New Species of Salamander Found in Siskiyou Mountains

New Species of Salamander Found in Siskiyou Mountains

May 16, 2005

For more information, please contact:
Joseph Vaile, Klamath-Siskiyou Wildlands Center, 541-488-5789
Noah Greenwald, Center for Biological Diversity, 503-243-6643
Dave Clayton, U.S. Forest Service, 541-858-2276

Yreka CA — Researchers in the Klamath-Siskiyou region of northern California and southern Oregon discovered new populations of salamanders that represent a new and distinct species. A new species, the Scott Bar salamander (Plethodon asupak), was thought to be a Siskiyou Mountain salamander (Plethodon stormi) until genetic work revealed its unique evolutionary lineage.

“Everyone talks about how biologically rich the tropics are, but we are still discovering species right here in the Klamath-Siskiyou,” said Joseph Vaile of the Klamath-Siskiyou Wildlands Center, a conservation group. The species is considered a Pleistocene (a geologic epoch from 1.8 million to 10,000 years ago) and survived the last ice age 1.8 to 10,000 years ago. “This is really an exciting discovery,” said Vaile.

The Scott Bar salamander occurs in extreme northwestern California on rocky slopes under mature and old-growth forest. The dense canopies of such forest help retain moisture that is key for the survival of the salamander, which is highly sensitive to drying out.
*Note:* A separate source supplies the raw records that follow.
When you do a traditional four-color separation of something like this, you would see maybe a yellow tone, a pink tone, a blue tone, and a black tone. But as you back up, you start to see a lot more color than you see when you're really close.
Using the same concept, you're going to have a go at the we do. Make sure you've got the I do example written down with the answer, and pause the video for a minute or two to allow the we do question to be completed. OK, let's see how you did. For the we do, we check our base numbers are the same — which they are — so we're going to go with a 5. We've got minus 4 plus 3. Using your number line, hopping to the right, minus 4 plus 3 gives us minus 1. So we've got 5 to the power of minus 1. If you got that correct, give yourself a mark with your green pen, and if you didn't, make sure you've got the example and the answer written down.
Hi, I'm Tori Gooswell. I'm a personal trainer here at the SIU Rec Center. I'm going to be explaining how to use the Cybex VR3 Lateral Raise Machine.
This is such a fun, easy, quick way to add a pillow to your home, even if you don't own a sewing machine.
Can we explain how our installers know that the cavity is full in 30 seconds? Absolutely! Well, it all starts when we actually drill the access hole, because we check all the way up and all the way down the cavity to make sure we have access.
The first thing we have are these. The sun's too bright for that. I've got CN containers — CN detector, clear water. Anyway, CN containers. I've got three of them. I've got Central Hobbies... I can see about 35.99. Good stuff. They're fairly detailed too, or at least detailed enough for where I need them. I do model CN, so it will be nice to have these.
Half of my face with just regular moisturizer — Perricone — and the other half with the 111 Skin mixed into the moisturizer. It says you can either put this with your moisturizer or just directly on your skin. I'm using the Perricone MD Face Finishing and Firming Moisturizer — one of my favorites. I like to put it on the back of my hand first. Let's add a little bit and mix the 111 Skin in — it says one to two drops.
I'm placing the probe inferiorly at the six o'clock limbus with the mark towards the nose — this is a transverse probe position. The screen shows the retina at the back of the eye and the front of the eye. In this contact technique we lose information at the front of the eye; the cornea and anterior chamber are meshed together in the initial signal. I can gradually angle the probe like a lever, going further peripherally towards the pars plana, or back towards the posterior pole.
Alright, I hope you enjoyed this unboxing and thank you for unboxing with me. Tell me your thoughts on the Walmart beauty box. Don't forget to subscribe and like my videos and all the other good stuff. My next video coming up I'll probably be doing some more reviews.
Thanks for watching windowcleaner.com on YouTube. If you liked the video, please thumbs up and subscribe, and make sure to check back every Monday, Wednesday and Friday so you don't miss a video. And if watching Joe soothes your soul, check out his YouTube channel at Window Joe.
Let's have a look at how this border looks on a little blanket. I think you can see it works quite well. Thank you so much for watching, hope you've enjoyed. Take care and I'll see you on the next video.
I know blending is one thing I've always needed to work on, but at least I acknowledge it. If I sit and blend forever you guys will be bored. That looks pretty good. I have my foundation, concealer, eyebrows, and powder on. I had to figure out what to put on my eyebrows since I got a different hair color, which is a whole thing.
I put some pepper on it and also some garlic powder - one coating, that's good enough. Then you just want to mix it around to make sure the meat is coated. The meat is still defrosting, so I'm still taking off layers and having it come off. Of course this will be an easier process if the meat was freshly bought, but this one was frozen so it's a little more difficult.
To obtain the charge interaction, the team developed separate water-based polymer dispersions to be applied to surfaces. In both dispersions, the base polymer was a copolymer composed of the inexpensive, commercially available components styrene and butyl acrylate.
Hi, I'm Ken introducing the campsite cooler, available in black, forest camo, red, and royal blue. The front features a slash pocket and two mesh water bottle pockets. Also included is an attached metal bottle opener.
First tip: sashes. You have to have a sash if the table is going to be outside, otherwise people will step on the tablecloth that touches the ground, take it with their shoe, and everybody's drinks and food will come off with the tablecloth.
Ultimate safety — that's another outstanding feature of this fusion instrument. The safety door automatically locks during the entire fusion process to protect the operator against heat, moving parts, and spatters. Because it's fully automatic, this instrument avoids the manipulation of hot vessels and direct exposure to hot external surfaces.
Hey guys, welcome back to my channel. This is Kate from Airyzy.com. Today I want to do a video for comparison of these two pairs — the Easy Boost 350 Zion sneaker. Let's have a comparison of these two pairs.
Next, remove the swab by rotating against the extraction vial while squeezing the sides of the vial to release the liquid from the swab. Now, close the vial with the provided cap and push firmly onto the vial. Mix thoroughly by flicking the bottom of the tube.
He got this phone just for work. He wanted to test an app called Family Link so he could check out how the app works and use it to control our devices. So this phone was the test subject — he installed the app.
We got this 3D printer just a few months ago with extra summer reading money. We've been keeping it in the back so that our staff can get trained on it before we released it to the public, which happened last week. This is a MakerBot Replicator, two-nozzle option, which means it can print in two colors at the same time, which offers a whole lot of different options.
The species has no lungs; instead it breathes directly through it’s skin. Logging of old-growth forest is the principal threat to this salamander’s survival and some populations occur on private industrial forestland.

Conservation organizations petitioned the Siskiyou Mountains Salamander and any distinct populations (including those that now represent this new species) for listing under the Endangered Species Act in June of last year. The Bush administration missed the 90-day preliminary deadline and is approaching the one-year requirement for responding to the petition.

The new species has one of the smallest distributions of any salamander in North America. The rarity of the salamander, along with its extreme habitat specialization, makes it more vulnerable to natural and human threats. Protection under the Endangered Species Act for both the new species and the Siskiyou Mountains Salamander would provide essential habitat protection and ensure that adequate resources are made available for recovery efforts.

“Siskiyou Mountain Salamanders have survived for two million years in the Klamath-Siskiyou,” states Noah Greenwald, conservation biologist with the Center for Biological Diversity and primary author of the petition to protect the species. “If we protect this fascinating salamander under the Endangered Species Act it may yet survive another two million years.”

The word Asupak is the Shasta Indian name for Scott Bar, an area near the confluence of the Scott River and the Klamath River. The Scott River and Valley area was visited by various bands the Shasta Indians and eventually inhabited by the Karuk Tribe. The Karuk refer to indicator species in their understanding of nature and viewed salamanders as having the specific function of water purifier and as an omen of good luck.